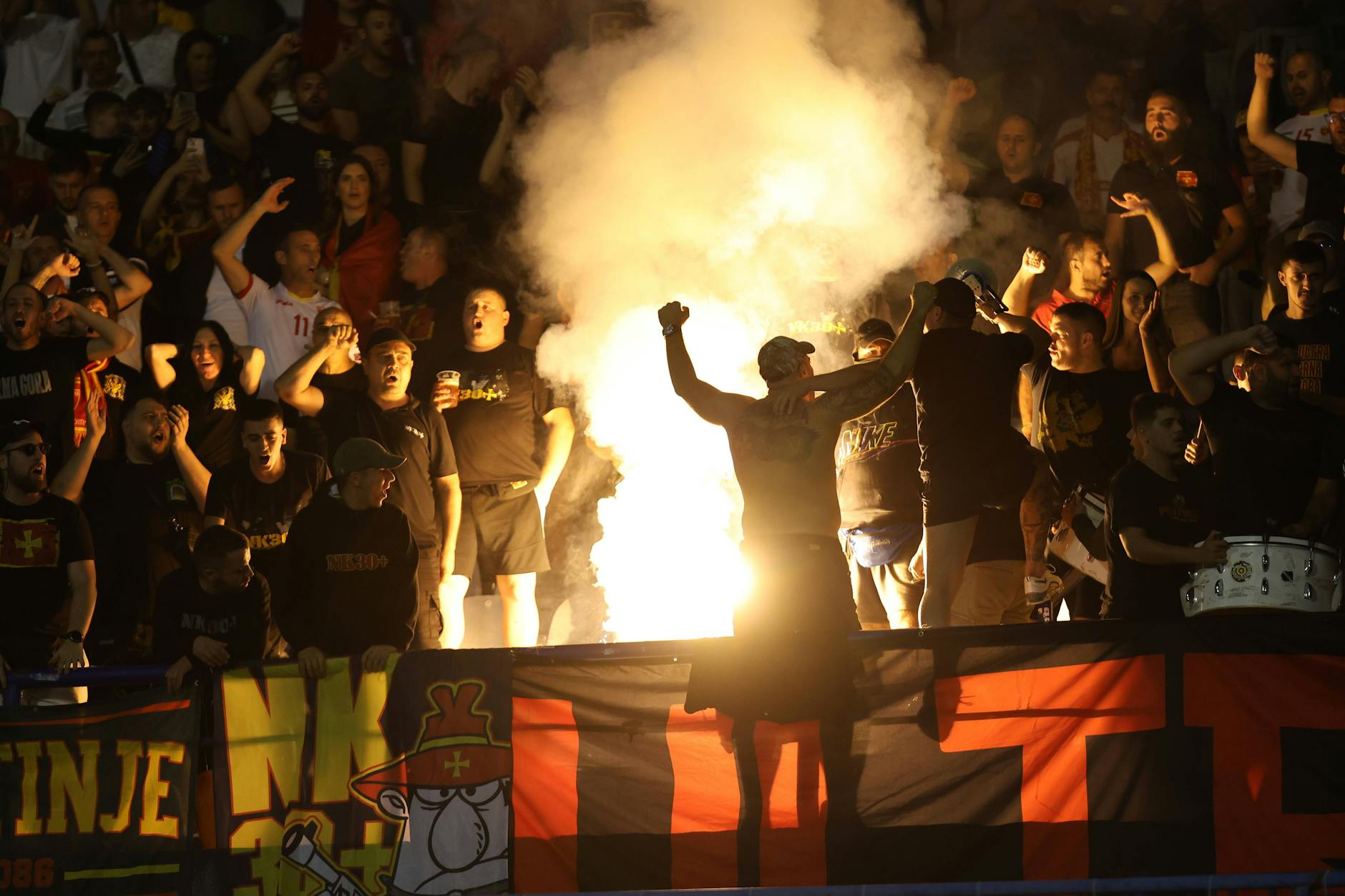 Aufnahmen vom Spiel Kroatien gegen Montenegro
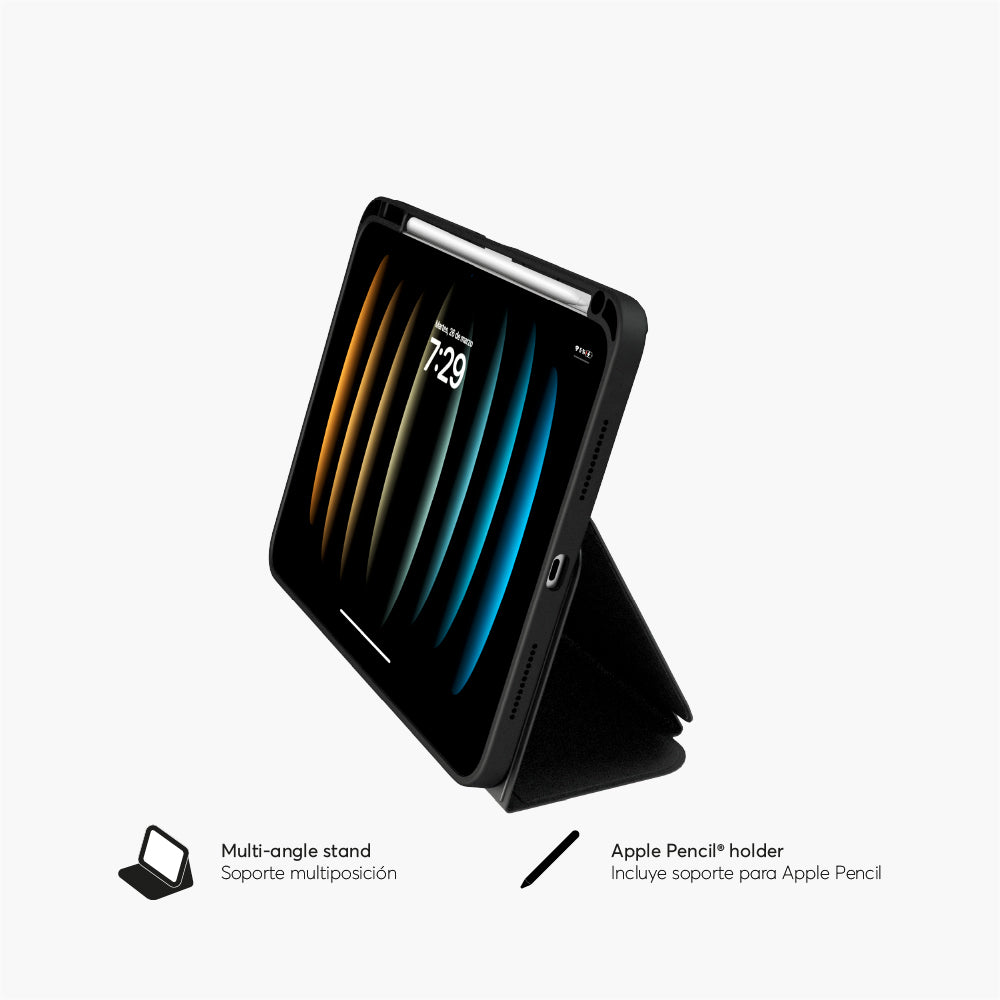 SafeCase Click Royal Black para iPad (M2, M3, M4, M5)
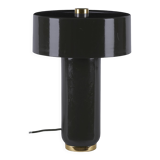 Lampe émaillée métal noir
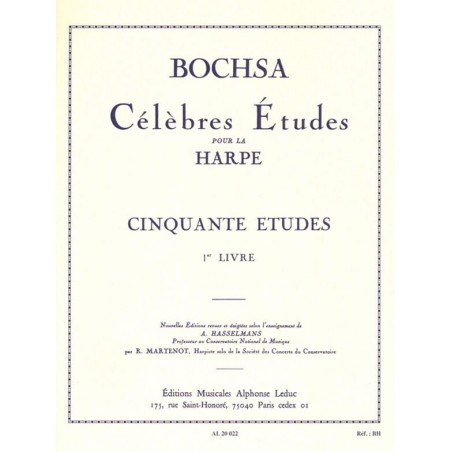 Etudes pour harpe de Bochsa AL20022 Le kiosque à musique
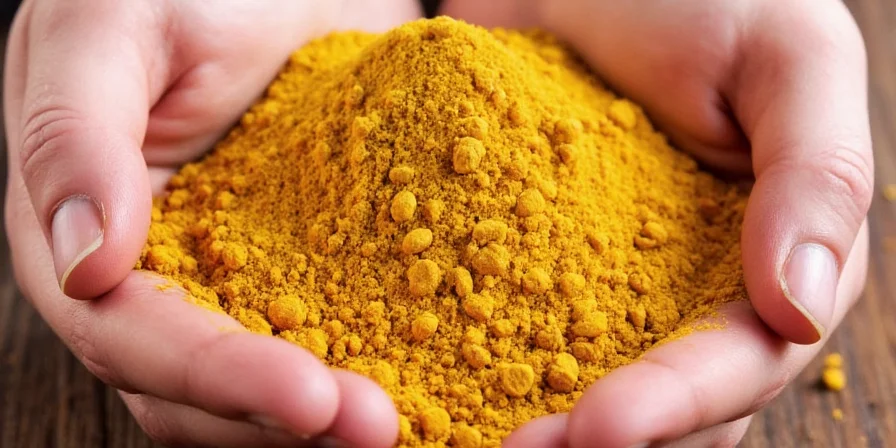 Curry spice in a glass jar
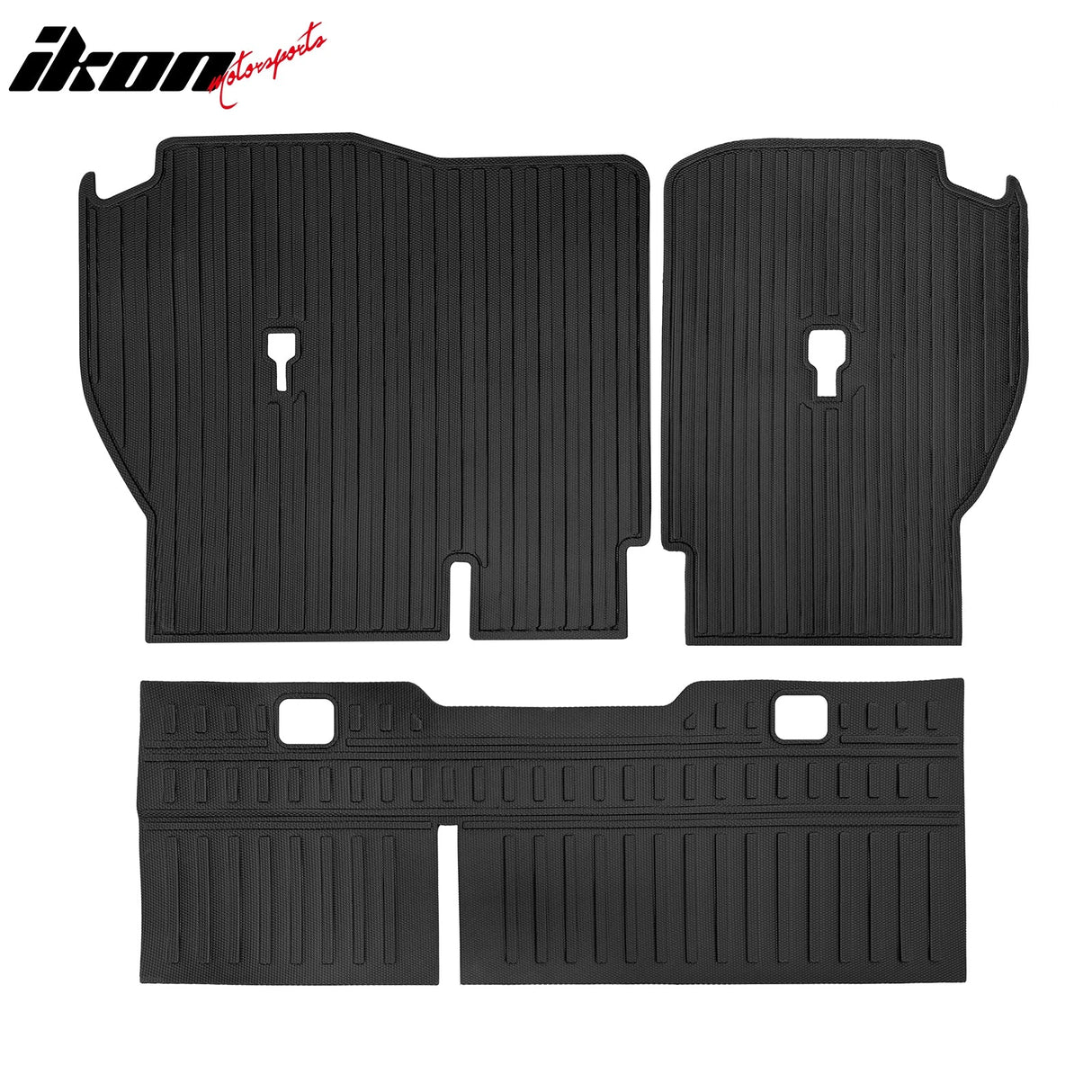 2023-2025 Honda CR-V 3PCS Backrest Mats Rear Seat Back Cover Black TPE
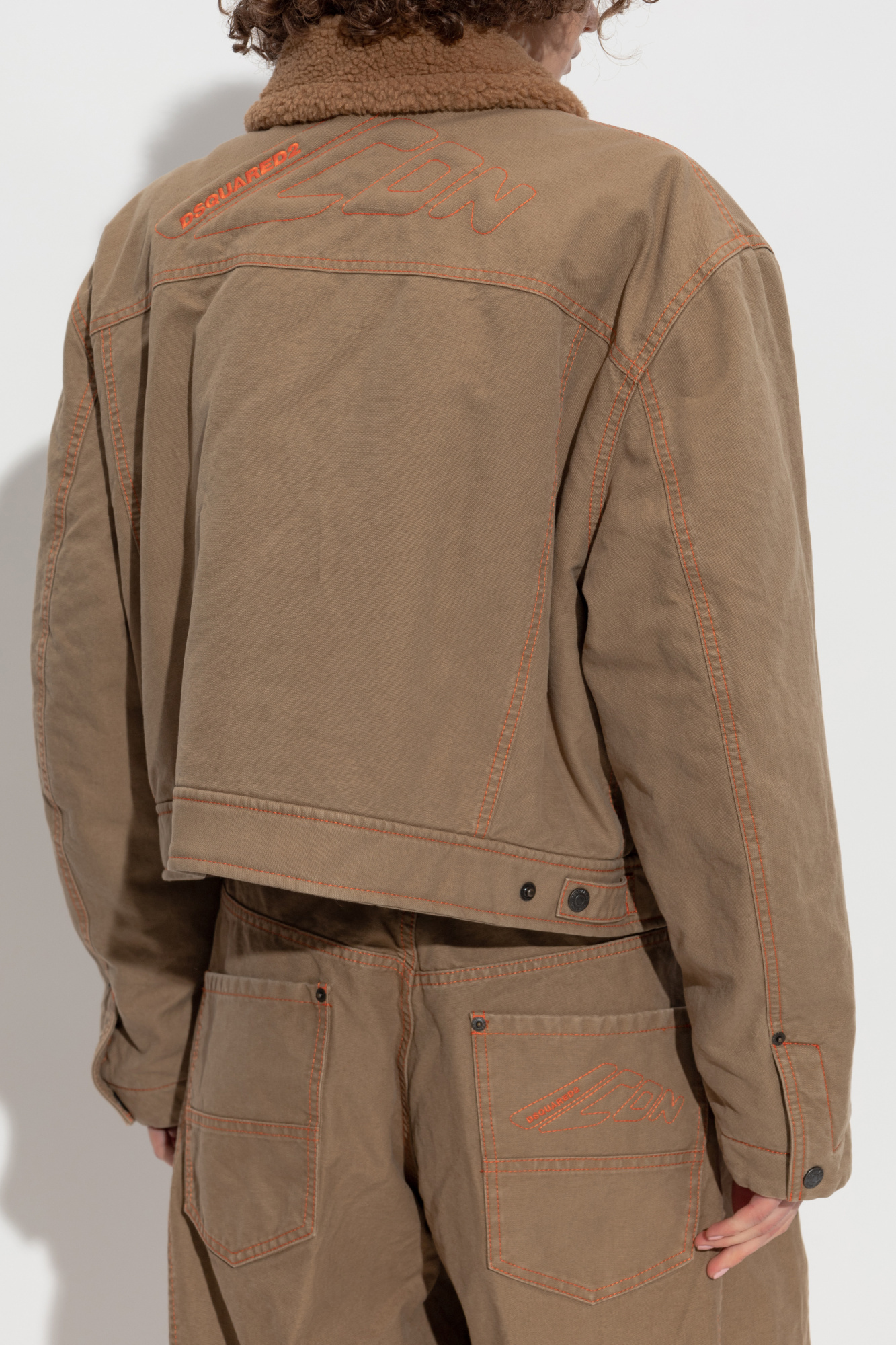 Dsquared2 Long Sleeve Casual Jacket In Brown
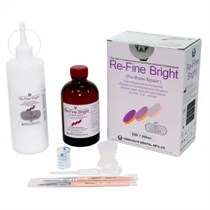 Ре-Файн Брайт, CLEAR, пластмасса, 250г+260мл, полимеризация 3мин, STYRFB-CLEAR/5S, YAMAHACHI УТ-00004869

##############################

Return the lines exactly, from the one containing "SafeCase Click Royal" through the last line above, including both ends and excluding every picture.

> _ANSWER_
 SafeCase Click Royal Black para iPad (M2, M3, M4, M5)
 Lampe émaillée métal noir
 Etudes pour harpe de Bochsa AL20022 Le kiosque à musique
 Curry spice in a glass jar
 2023-2025 Honda CR-V 3PCS Backrest Mats Rear Seat Back Cover Black TPE
 Dsquared2 Long Sleeve Casual Jacket In Brown
 Ре-Файн Брайт, CLEAR, пластмасса, 250г+260мл, полимеризация 3мин, STYRFB-CLEAR/5S, YAMAHACHI УТ-00004869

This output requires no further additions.